WORK ITEM: Exact copies of the records below are needed, free of pictures.

----- GIVEN ENTRIES -----

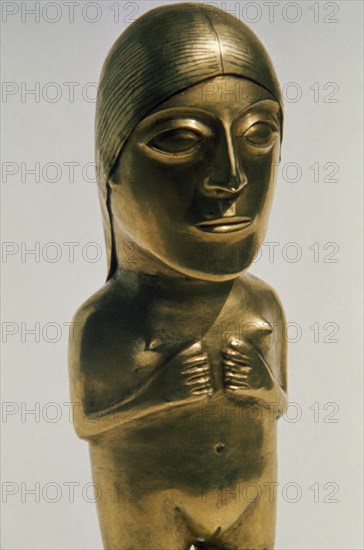PERU, Arts, Inca period rare ceremonial statue of pure gold measuring 30 cm high and dating from 14th -15th centuries.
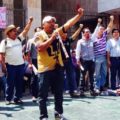Maestros se manifiestan afuera del Congreso de Chiapas Maestros se declaran en "estado de máxima alerta", marcharán el 27 de junio y valorarán paro de labores en el inicio del próximo ciclo escolar 2014-2015.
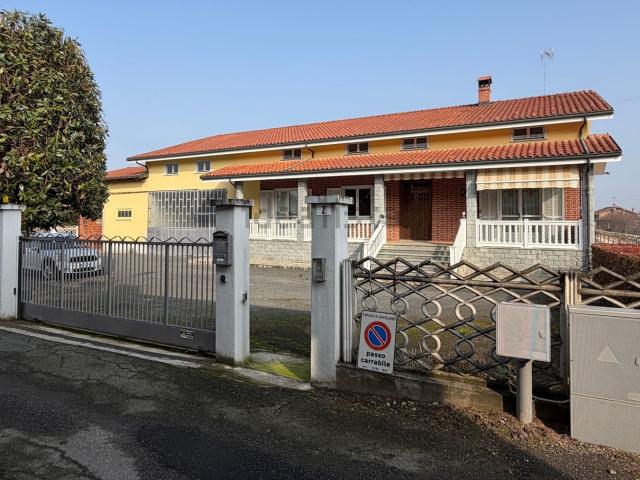 Case e ville in vendita di 380 m² in Via Fiume, 2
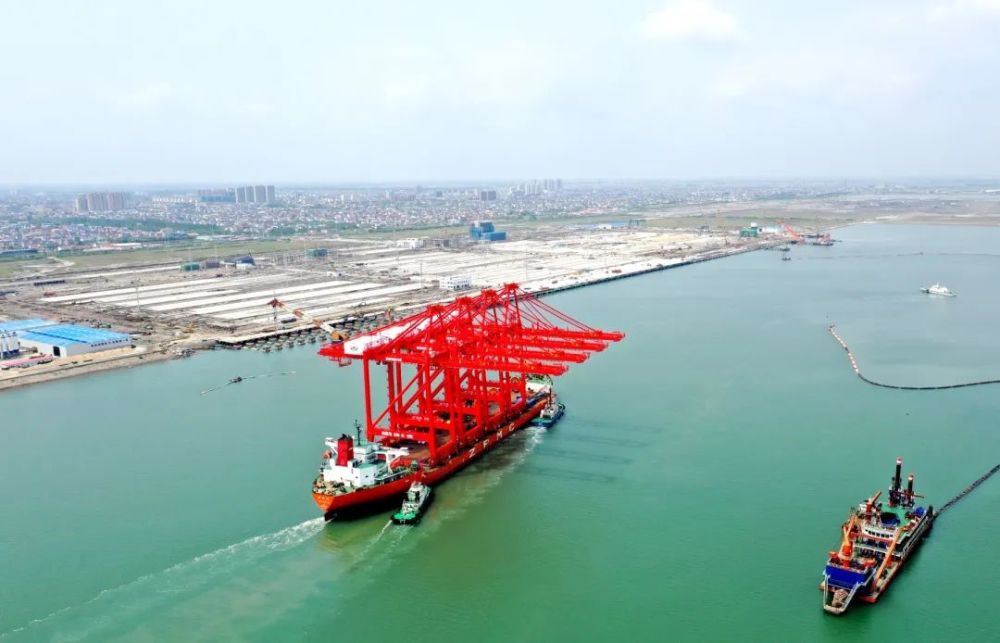 开港在望通州湾江苏新出海口吕四起步港区首批港机设备上岸安装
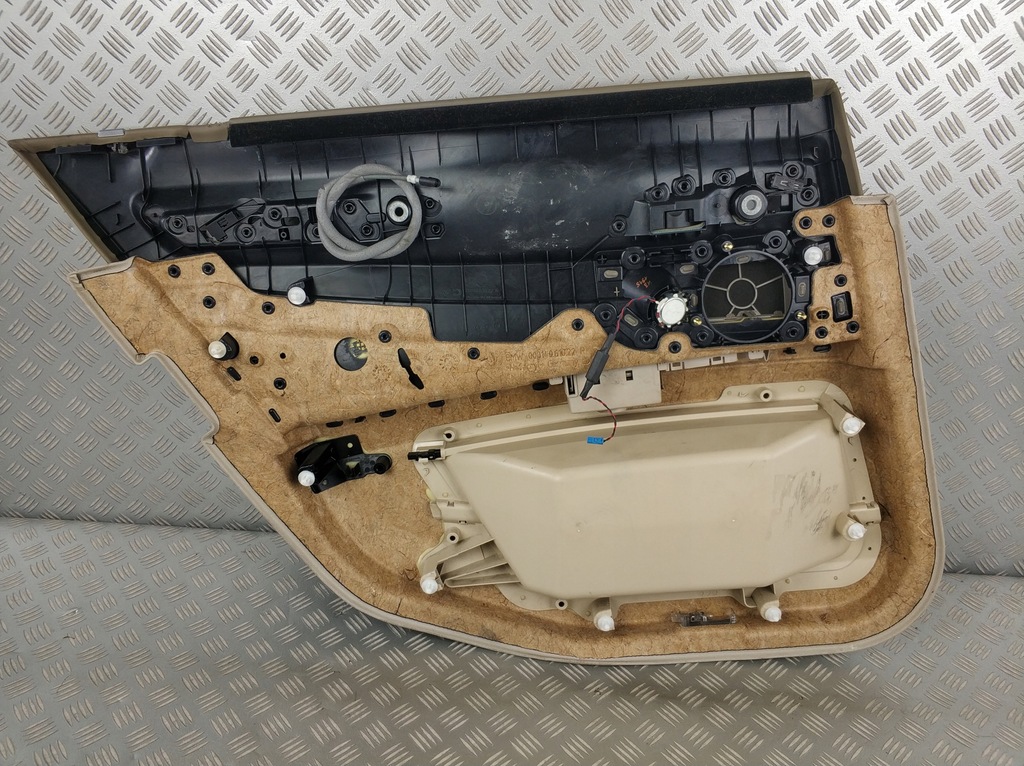 фото №8, Оббивка обшивка двері правих задніх правий задня задній bmw 7 f01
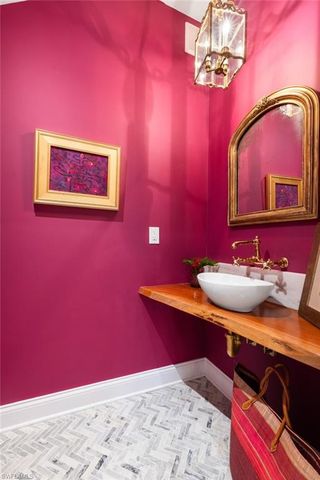 2348 Florida AVE, Naples, FL 34112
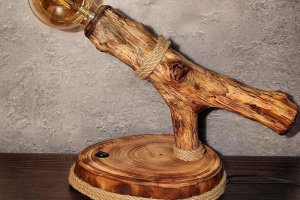 Світильник настільний з дерева - Опис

-----

RESULT OF THIS EXERCISE:
PERU, Arts, Inca period rare ceremonial statue of pure gold measuring 30 cm high and dating from 14th -15th centuries.
Maestros se manifiestan afuera del Congreso de Chiapas Maestros se declaran en "estado de máxima alerta", marcharán el 27 de junio y valorarán paro de labores en el inicio del próximo ciclo escolar 2014-2015.
 Case e ville in vendita di 380 m² in Via Fiume, 2
 开港在望通州湾江苏新出海口吕四起步港区首批港机设备上岸安装
 фото №8, Оббивка обшивка двері правих задніх правий задня задній bmw 7 f01
 2348 Florida AVE, Naples, FL 34112
 Світильник настільний з дерева - Опис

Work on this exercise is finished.